- _Task to carry out_
Print them exactly: the lines from the beginning of the entries below through the line that contains "据路透社迪拜报道，科威特石油", and only those, with the pictures left out.

Web page caption snippets:
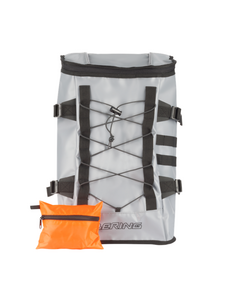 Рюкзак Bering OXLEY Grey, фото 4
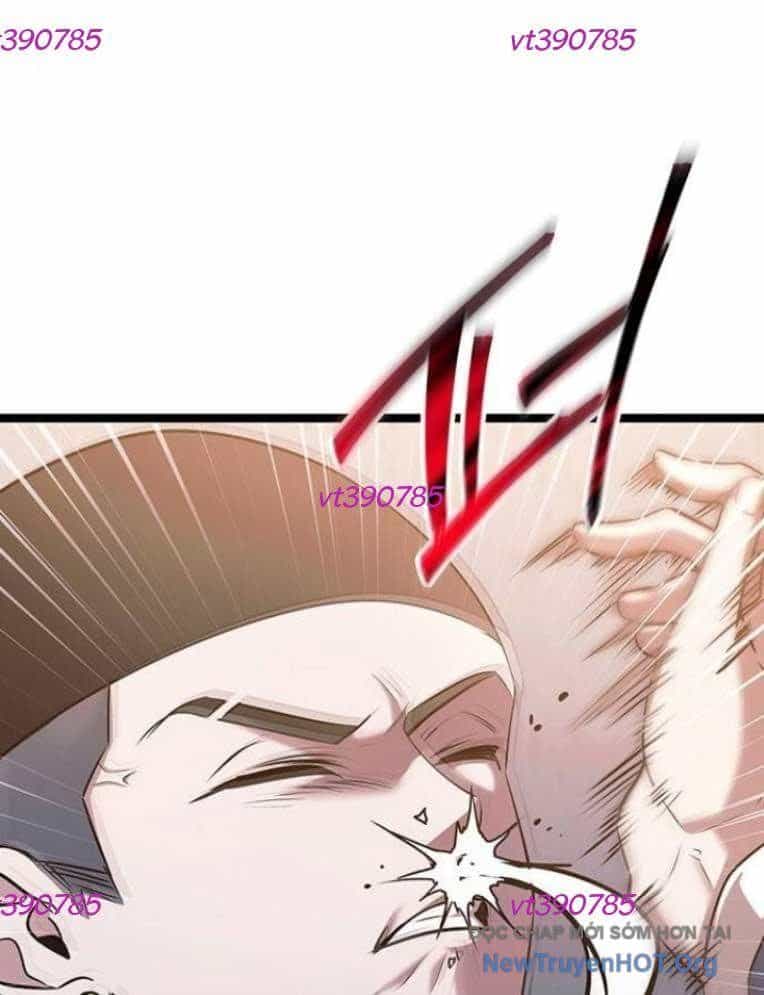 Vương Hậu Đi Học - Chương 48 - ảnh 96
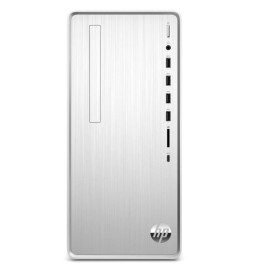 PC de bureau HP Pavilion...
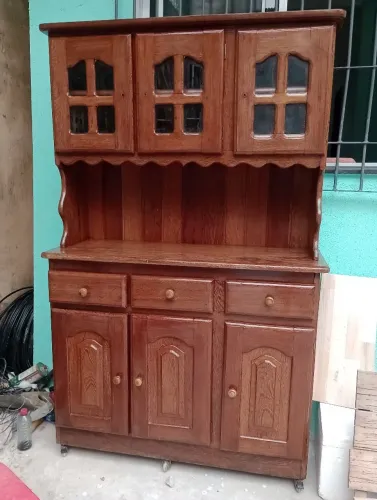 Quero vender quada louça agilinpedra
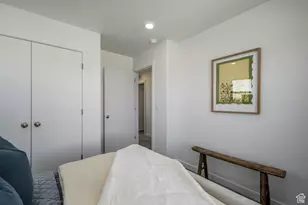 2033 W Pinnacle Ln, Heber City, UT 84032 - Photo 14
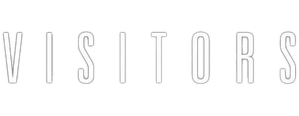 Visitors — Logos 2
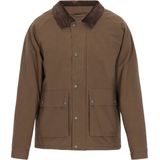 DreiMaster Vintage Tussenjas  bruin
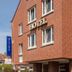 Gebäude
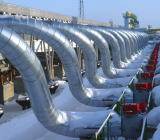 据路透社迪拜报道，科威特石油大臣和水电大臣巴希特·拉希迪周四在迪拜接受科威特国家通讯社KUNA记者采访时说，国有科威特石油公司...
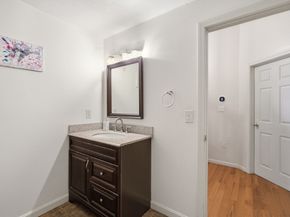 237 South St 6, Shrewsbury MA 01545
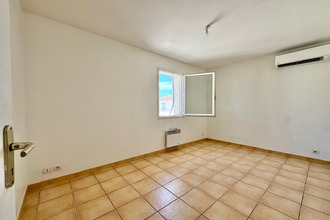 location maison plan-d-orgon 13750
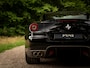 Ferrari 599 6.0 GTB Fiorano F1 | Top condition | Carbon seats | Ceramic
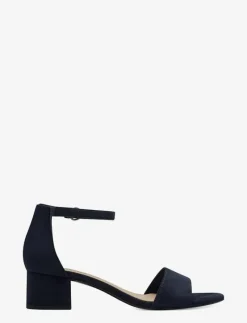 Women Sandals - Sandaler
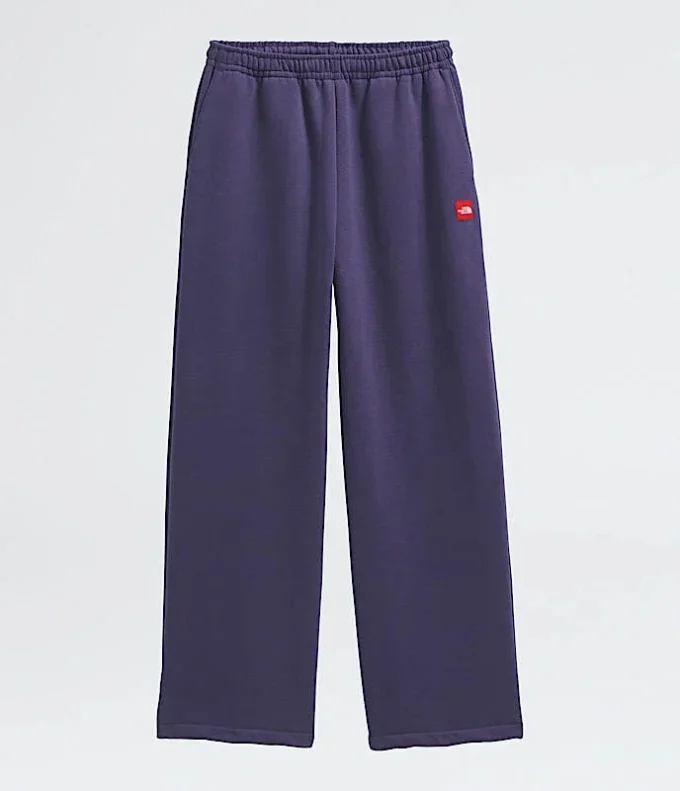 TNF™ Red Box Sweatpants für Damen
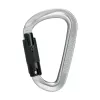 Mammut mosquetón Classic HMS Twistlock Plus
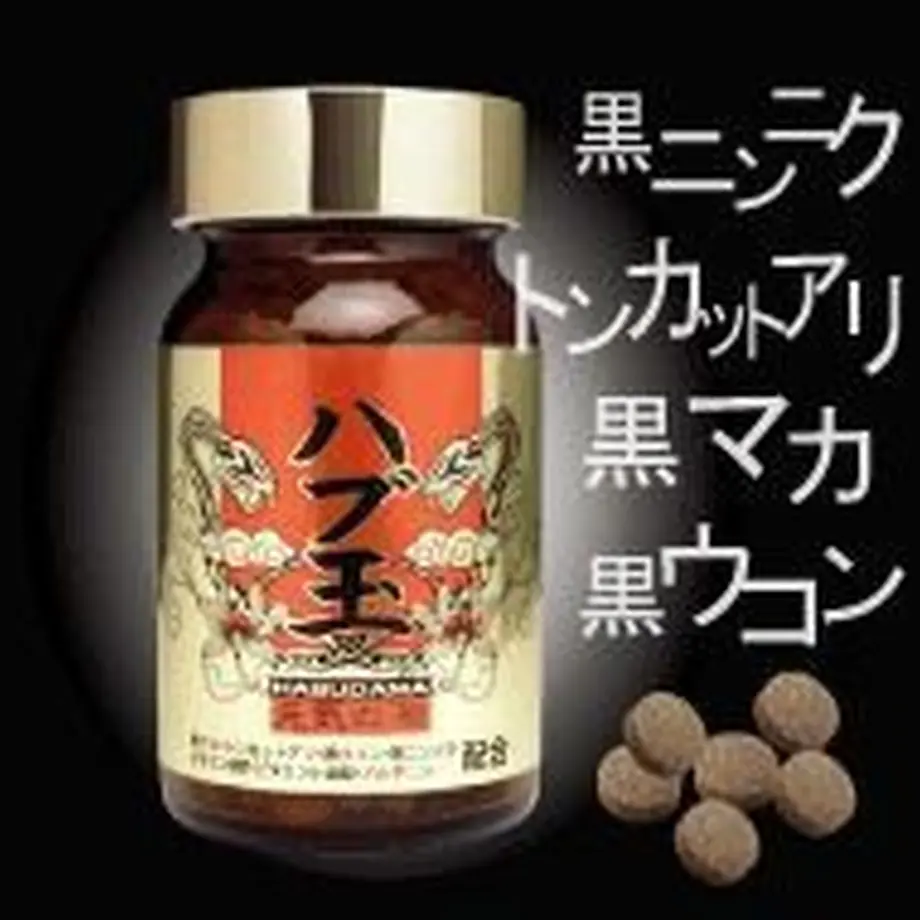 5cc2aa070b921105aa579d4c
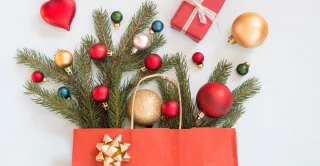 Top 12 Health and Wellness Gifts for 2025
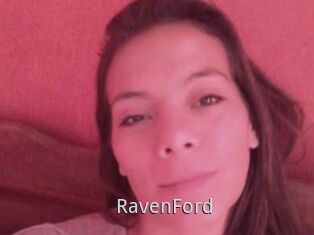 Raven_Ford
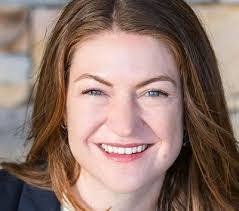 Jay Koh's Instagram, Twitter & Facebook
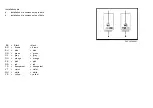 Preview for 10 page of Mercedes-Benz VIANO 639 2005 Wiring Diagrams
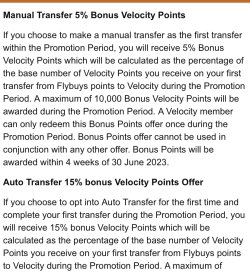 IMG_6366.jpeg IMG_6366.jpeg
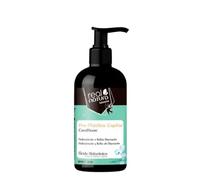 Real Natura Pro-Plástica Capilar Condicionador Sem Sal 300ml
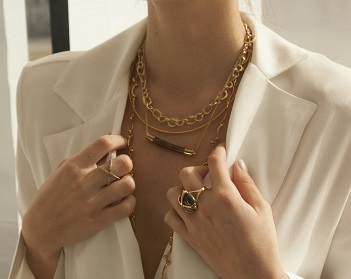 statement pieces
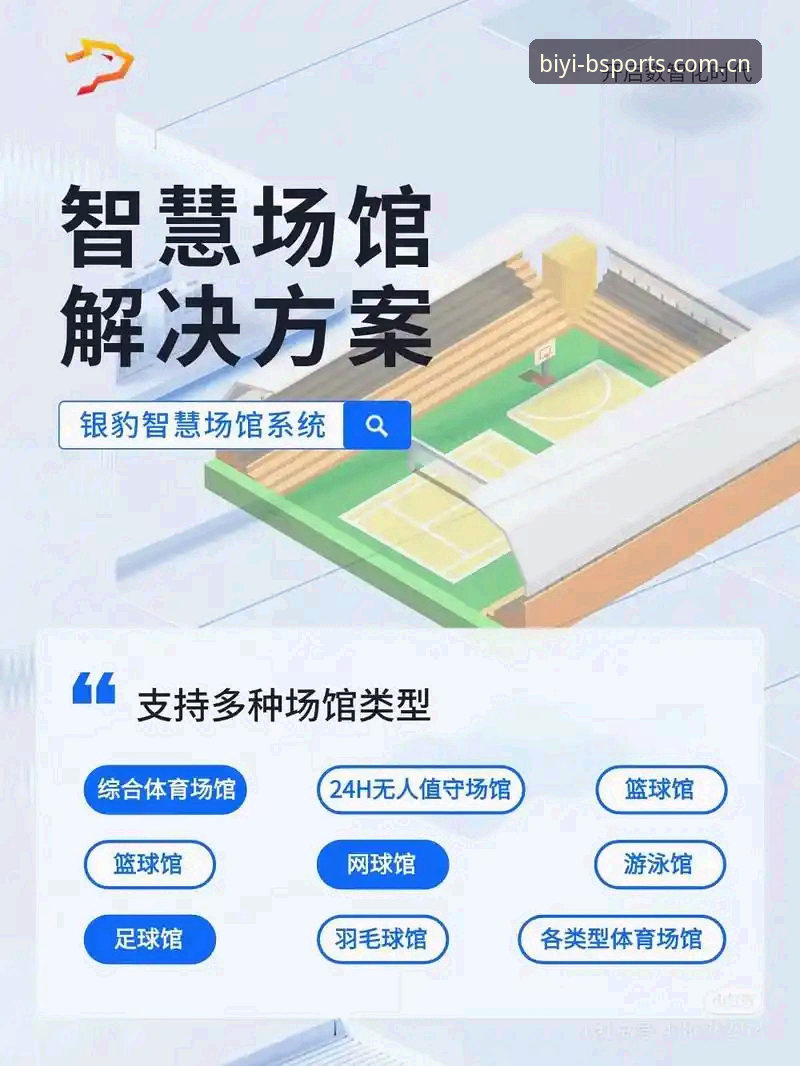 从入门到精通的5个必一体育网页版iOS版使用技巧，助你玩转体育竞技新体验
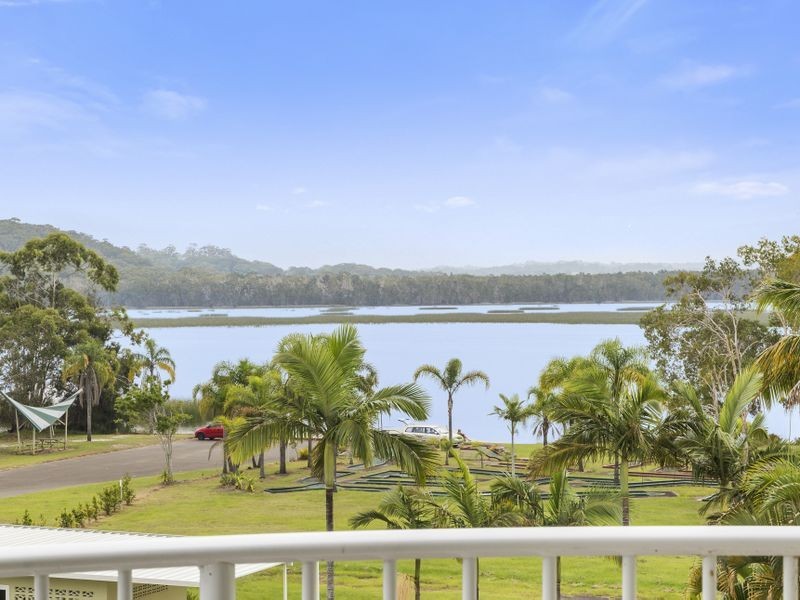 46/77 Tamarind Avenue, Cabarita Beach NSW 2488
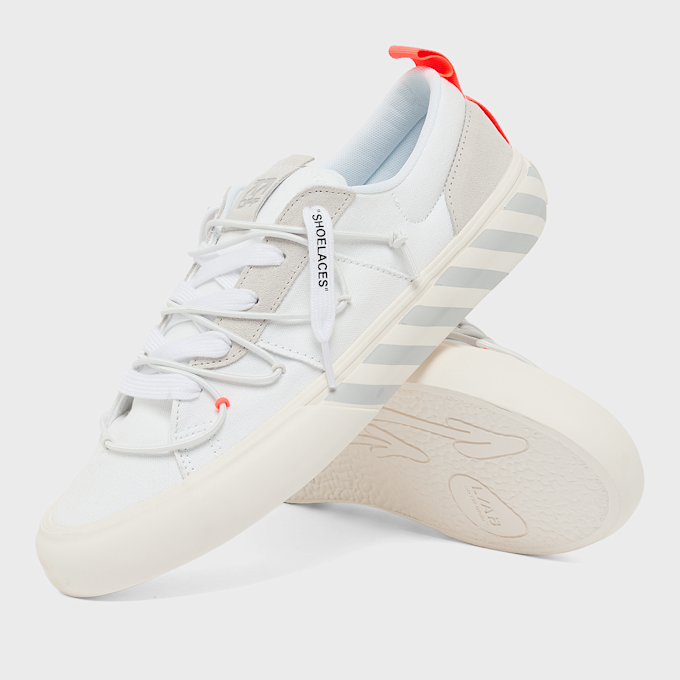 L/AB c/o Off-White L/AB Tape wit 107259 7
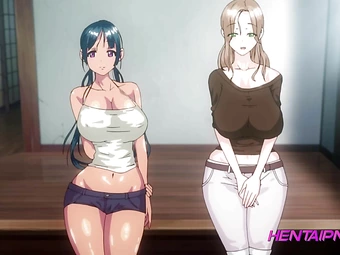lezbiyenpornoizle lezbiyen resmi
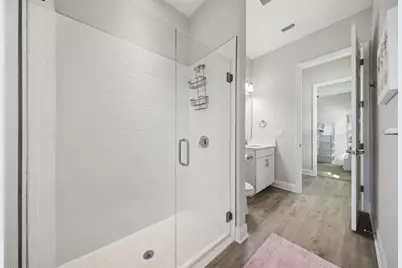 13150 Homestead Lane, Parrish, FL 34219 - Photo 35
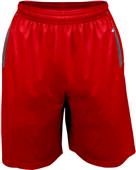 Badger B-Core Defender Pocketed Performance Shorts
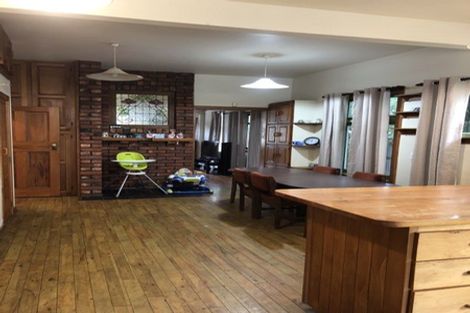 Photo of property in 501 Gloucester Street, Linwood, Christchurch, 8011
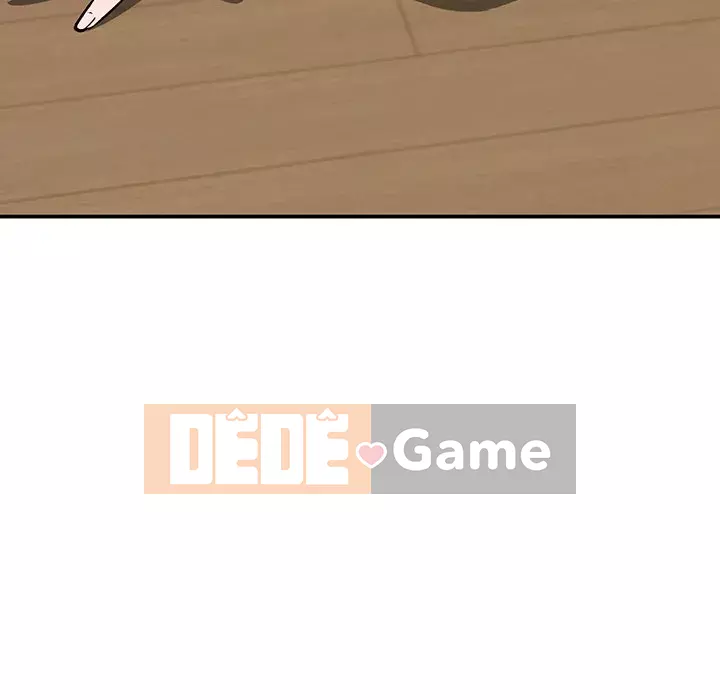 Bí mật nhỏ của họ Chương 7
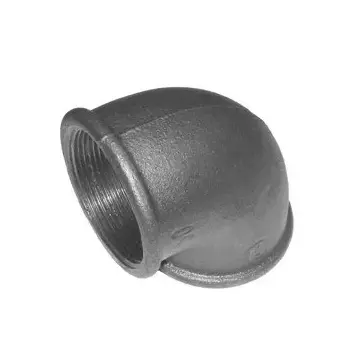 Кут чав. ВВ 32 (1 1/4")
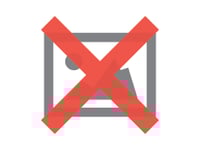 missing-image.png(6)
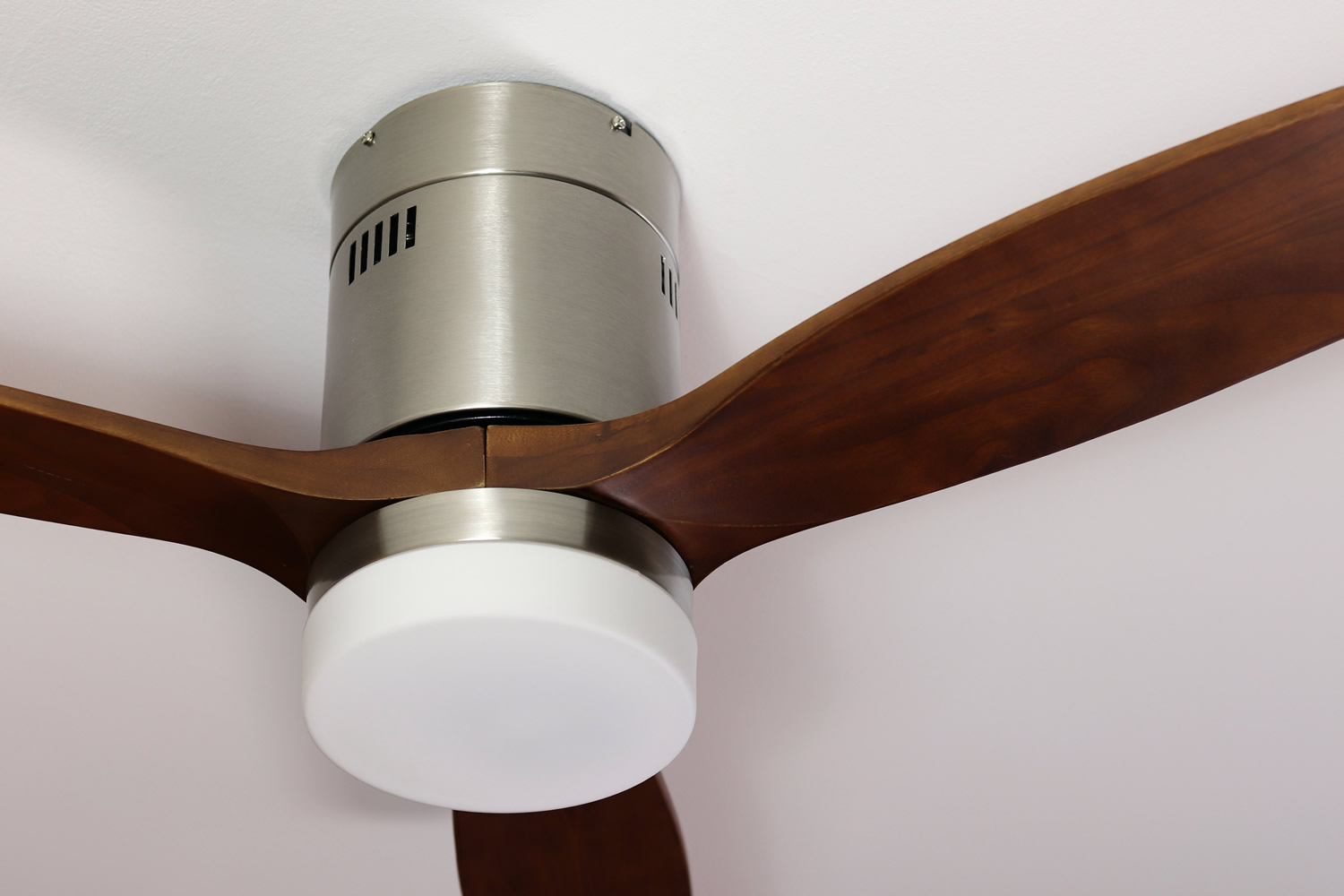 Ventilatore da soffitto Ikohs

- _Finished exercise_
 Рюкзак Bering OXLEY Grey, фото 4
 Vương Hậu Đi Học - Chương 48 - ảnh 96
 PC de bureau HP Pavilion...
 Quero vender quada louça agilinpedra
 2033 W Pinnacle Ln, Heber City, UT 84032 - Photo 14
 Visitors — Logos 2
 DreiMaster Vintage Tussenjas  bruin
 Gebäude
 据路透社迪拜报道，科威特石油大臣和水电大臣巴希特·拉希迪周四在迪拜接受科威特国家通讯社KUNA记者采访时说，国有科威特石油公司...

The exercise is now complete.